Around my closest friends I am a kid. Yesterday I was at a Christmas tree-trimming party with some very close friends and I took a moment to be grateful that my friends found it completely normal that I was a tree and the tinsel should go on top of my head. The little kids seemed to be doing that and having fun so I too wanted to have fun. Besides how much more could I eat in one night? I can hear them now if they read this paragraph, words wrapped in loving laughter: we did not think it was normal, we just accept you.


My mother would say, all of you—“all” being me, my siblings, significant others, our friends and anyone of any age who steps inside my parents’ home—all of you are kids. “The Peter Pan Household” we are called.


The philosopher and poet Iqbal wrote about poet as a human being as follows:

Come, dear friend! Thou hast known me only as an abstract thinker and dreamer of high ideals. See me in my home playing with children and giving them rides turn by turn, as if I were a wooden horse! Ah! See me in the family circle lying at the feet of my grey-haired mother, the touch of whose rejuvenating hand bids the tide of time flow back-ward, and gives me once more the school-boy feeling in spite of all the Kants and Hegels in my head! Here Thou wilt know me as a human being.


We are all poets if we want to be.


Marco Rojas says during the most excruciatingly complex yoga poses where breathing feels like a phenomenon, “Be a kid so you can be a better adult.”


I will be on a farm surrounded by almond trees and heavy fog tomorrow night. New York, New York, I must leave you tomorrow for the holidays to be with family.

Like a kid I will listen to the cosmic alignment without trying to decode what it means.


~a.q.s.

7 responses to “Still Sundays”

  1. nayla says:

    To day it is all most three days that it has been raining and foggy on the westcoast…..but reading still Sundays gives me the nostalgia of the times lived in New York.First thing I check on sundays is to read it and feel the energy and emotions which your words are capable of …..amazing how words appear to be almost like living human beings,depending on the writers own inner energy..beautiful expression of feelings with right choice of words make it so unique.

  2. Miriam says:

    “We can only know another to the extent we understand ourselves.”

    This is so true and deeply meaningful, deserving of much contemplation. All the things I love in another I must, then, love in myself. All that I reject in another, I must know, therefore, must know within myself. All that I understand, I understand through knowing myself. And all that I can not understand, merely what I have yet to come to terms with in my being.

    When I feel great love for another- I feel great love for myself- washed in the power of it and the feeling of being connected,. No love- no connection. No connection – no love.

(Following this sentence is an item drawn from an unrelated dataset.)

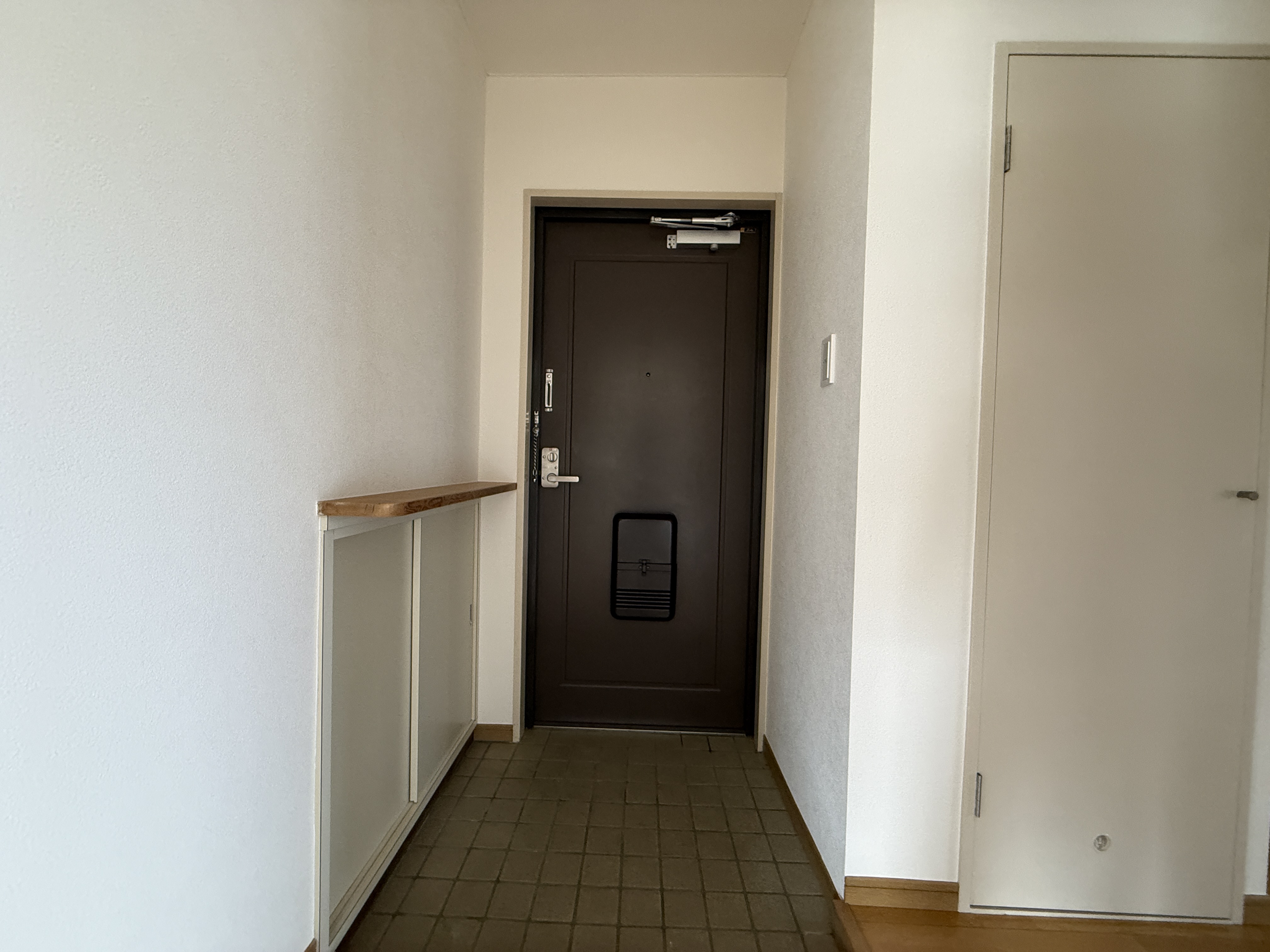 シャトラン高月 玄関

    Even the sadness I feel for another, I mourn deep within me.

    One.

  3. Citizen says:

    Its good that you can trace back to February of 2008. I wouldn’t have thought of it in relationship to December of 2010, but it makes an interesting perspective within my personal life, and I guess in some larger sense within my cosmological alignment of how things have played out since then. Though I am feeling anything nonaligned at the moment with particular circumstances in my life, at least now I know why…

    A great entry for another Still, and rainy, Sunday here in the Bay Area, aka Grey Area 😛

  4. Becky says:

    So needed to come here today — thank you.

  5. Vusi Sindane says:

    Thank you Annie.
    your work is easy on the eye.

  6. A pleasure as always Annie to stop by Still Sundays. Best of the holidays to you.